## STORED DATA
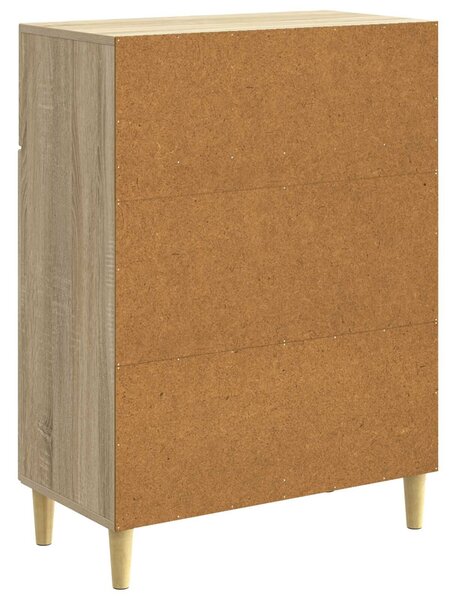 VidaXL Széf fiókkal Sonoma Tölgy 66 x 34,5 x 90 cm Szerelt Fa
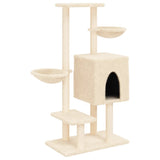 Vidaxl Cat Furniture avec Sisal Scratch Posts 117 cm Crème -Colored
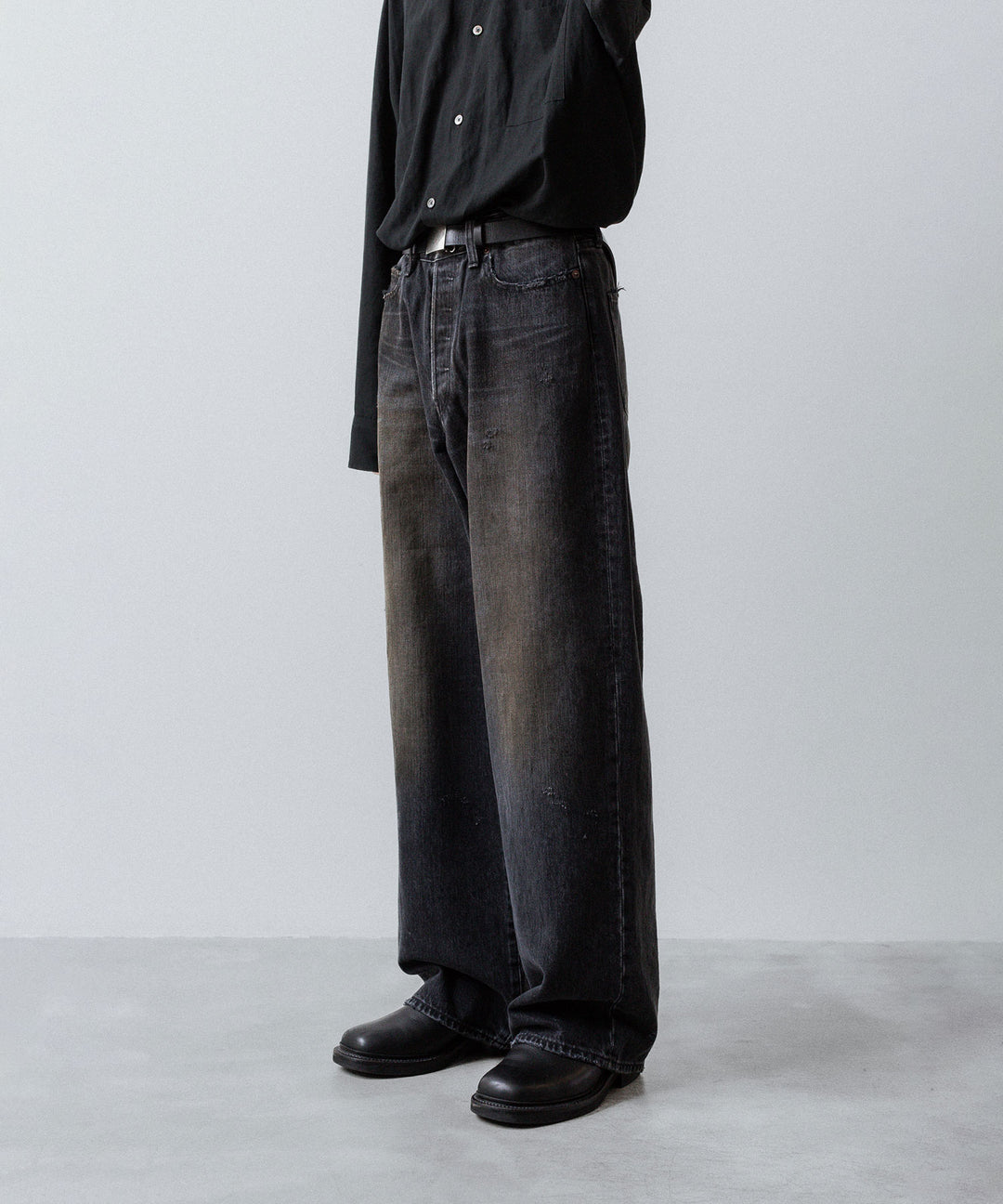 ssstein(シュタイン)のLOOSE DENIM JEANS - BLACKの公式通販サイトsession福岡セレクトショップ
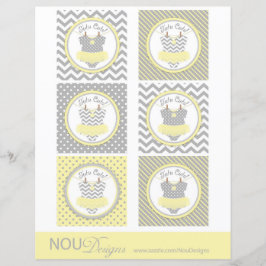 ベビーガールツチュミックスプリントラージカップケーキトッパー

## WHAT YOU HAVE TO DO
Could you copy the listing above exactly, without its pictures?

## OUTPUT OF THE EXERCISE
 VidaXL Széf fiókkal Sonoma Tölgy 66 x 34,5 x 90 cm Szerelt Fa
 Vidaxl Cat Furniture avec Sisal Scratch Posts 117 cm Crème -Colored
 ssstein(シュタイン)のLOOSE DENIM JEANS - BLACKの公式通販サイトsession福岡セレクトショップ
 ベビーガールツチュミックスプリントラージカップケーキトッパー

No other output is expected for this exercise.